So etwas findet in der Natur nicht statt.

Die sogenannte Selektion in der Evolutionstheorie eliminiert Individuen, deren Merkmale für ein Leben in der betreffenden Umgebung nicht mehr geeignet sind. Die Eliminierung erfolgt jedoch nicht selektiv durch irgendeine Instanz, die sie aktiv vornimmt, sondern sie ist einfach die Folge unzureichender Möglichkeiten unter bestimmten neu eingetretenen Umweltbedingungen Nachkommen hervor zu bringen.

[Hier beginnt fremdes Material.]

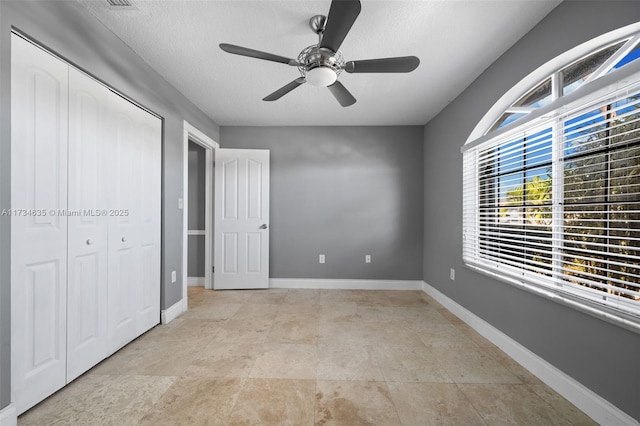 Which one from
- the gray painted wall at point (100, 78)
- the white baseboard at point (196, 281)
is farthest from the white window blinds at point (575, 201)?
the white baseboard at point (196, 281)

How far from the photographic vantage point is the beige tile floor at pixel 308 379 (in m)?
1.49

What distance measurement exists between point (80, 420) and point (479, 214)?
331 centimetres

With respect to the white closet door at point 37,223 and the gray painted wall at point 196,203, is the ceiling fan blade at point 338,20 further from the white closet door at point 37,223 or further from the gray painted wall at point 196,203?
the gray painted wall at point 196,203

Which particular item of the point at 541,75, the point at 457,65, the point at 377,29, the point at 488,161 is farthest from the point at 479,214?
the point at 377,29

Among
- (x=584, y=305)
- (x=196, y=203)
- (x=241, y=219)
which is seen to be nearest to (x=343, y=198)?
(x=241, y=219)

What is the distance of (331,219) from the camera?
13.4ft

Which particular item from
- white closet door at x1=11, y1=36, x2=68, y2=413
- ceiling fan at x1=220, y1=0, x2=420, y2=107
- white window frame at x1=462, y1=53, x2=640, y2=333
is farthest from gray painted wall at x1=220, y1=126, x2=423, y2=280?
white closet door at x1=11, y1=36, x2=68, y2=413

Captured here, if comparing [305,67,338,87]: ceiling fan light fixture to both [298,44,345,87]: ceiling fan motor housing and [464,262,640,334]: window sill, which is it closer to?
[298,44,345,87]: ceiling fan motor housing

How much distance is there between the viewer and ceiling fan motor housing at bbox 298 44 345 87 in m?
1.69

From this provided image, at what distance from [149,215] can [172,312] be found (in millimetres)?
1066

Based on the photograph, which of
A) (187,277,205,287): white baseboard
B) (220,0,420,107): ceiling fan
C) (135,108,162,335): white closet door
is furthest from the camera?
(187,277,205,287): white baseboard

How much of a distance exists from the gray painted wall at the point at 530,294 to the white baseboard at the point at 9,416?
121 inches

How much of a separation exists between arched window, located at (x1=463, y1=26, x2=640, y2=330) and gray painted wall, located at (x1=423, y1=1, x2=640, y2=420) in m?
0.09

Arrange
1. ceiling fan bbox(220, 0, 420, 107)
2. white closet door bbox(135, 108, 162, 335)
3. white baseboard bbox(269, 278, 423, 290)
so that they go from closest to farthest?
ceiling fan bbox(220, 0, 420, 107) < white closet door bbox(135, 108, 162, 335) < white baseboard bbox(269, 278, 423, 290) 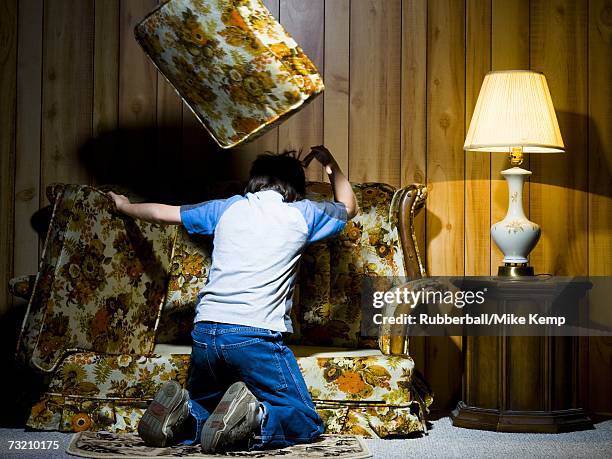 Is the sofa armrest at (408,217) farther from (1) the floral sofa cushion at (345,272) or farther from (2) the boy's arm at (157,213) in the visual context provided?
→ (2) the boy's arm at (157,213)

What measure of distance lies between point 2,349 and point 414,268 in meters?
1.71

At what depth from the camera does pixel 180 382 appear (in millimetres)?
2635

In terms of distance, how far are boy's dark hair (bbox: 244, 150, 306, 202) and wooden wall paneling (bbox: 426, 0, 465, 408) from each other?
2.98 feet

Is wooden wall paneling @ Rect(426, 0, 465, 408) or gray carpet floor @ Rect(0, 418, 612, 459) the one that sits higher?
wooden wall paneling @ Rect(426, 0, 465, 408)

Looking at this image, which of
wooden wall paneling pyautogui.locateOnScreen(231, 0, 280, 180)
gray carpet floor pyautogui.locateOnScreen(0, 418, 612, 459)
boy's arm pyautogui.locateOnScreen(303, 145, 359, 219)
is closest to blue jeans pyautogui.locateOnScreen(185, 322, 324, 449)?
gray carpet floor pyautogui.locateOnScreen(0, 418, 612, 459)

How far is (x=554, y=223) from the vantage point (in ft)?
10.9

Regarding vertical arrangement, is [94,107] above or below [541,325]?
above

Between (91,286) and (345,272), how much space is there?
2.93 ft

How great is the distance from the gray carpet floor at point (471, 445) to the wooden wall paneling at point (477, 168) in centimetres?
78

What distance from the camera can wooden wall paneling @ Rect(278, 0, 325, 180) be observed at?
335 cm

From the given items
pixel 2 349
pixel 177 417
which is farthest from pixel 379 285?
pixel 2 349

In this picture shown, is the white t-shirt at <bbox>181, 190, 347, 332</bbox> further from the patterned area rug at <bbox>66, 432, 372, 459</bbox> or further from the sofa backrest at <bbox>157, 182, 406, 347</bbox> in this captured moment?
the sofa backrest at <bbox>157, 182, 406, 347</bbox>

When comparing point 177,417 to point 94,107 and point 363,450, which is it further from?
point 94,107

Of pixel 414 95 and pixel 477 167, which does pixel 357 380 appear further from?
pixel 414 95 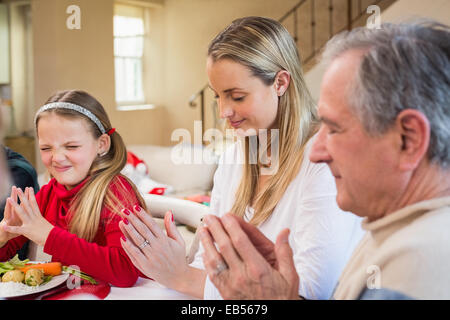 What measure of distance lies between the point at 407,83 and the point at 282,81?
0.34 m

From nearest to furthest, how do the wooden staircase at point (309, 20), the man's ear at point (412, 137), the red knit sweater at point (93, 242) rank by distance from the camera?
the man's ear at point (412, 137) → the red knit sweater at point (93, 242) → the wooden staircase at point (309, 20)

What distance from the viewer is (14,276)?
0.81 meters

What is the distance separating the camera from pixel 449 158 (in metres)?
0.50

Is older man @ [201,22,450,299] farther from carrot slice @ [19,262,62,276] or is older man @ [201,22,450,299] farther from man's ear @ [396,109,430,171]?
carrot slice @ [19,262,62,276]

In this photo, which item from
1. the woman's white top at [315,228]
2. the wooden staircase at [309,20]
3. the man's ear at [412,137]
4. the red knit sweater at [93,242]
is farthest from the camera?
the wooden staircase at [309,20]

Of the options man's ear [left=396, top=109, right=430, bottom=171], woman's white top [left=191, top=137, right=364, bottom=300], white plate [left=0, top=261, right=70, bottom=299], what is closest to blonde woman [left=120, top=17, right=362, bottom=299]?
woman's white top [left=191, top=137, right=364, bottom=300]

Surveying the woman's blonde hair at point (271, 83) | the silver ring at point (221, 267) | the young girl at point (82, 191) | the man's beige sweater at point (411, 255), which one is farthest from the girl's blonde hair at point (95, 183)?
the man's beige sweater at point (411, 255)

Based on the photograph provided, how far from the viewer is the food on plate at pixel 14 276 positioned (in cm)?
81

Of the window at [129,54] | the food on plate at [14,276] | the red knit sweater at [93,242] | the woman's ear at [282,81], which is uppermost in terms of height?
the window at [129,54]

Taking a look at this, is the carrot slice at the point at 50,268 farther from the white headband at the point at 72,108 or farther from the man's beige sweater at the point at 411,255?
A: the man's beige sweater at the point at 411,255

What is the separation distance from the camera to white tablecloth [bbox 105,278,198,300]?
2.66 ft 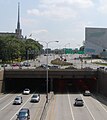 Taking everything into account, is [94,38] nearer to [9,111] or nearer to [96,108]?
[96,108]

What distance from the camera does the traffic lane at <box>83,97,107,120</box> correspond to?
52812 mm

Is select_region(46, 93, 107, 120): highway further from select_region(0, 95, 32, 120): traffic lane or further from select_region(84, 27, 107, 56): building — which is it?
select_region(84, 27, 107, 56): building

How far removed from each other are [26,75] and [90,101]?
2345cm

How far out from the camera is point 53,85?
327ft

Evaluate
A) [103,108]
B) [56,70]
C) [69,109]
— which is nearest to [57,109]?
[69,109]

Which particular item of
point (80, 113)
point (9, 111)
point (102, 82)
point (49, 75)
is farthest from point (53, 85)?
point (80, 113)

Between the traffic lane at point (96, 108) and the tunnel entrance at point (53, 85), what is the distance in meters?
19.3

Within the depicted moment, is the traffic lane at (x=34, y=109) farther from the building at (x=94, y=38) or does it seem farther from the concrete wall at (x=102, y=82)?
the building at (x=94, y=38)

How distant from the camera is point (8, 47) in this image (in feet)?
511

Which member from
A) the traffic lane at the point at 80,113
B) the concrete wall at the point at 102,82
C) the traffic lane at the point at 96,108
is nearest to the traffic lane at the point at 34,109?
the traffic lane at the point at 80,113

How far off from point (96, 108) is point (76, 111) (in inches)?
203

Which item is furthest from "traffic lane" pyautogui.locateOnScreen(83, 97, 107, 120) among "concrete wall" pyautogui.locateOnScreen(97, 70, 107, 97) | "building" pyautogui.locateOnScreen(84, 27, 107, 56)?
"building" pyautogui.locateOnScreen(84, 27, 107, 56)

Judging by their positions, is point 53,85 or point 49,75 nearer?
point 49,75

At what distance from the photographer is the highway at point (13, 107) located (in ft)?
172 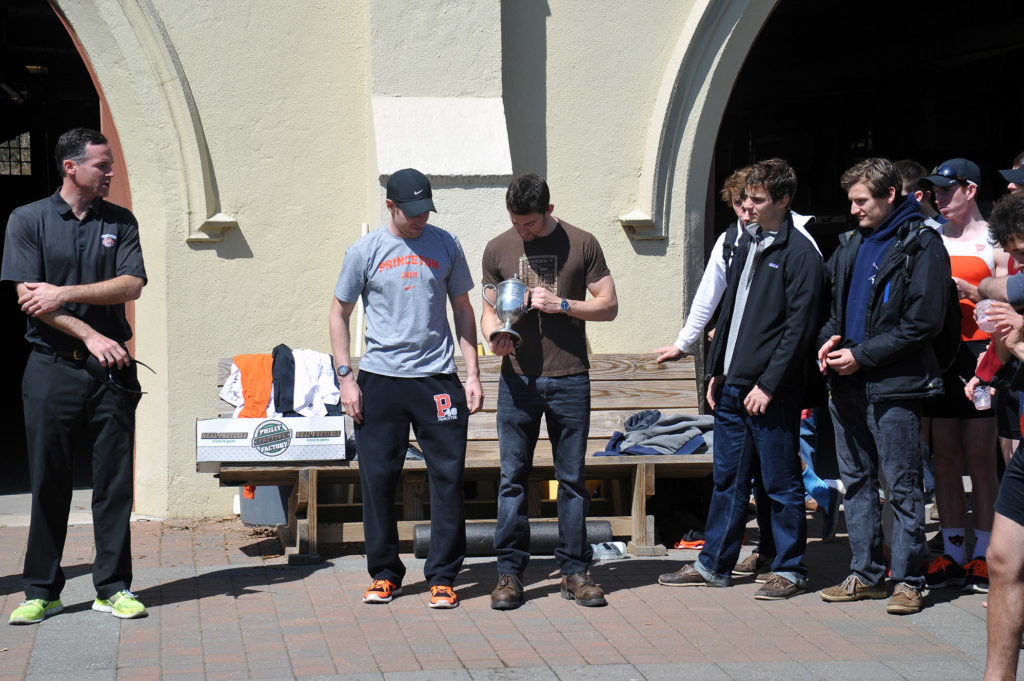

Eine Eliminierung kann aber nichts dazu beitragen, dass neue Merkmale entstehen. Die Entstehung neuer Eigenschaften und Fähigkeiten geschieht auf einer anderen biologischen Ebene nämlich in der Keimbahn. In der hinduistischen Anschauung wird die Lebenserhaltung durch die Kräfte des Vishnu symbolisiert, die Erhaltung des Lebens an sich, und durch Brahma als Kraft der Neubeginne.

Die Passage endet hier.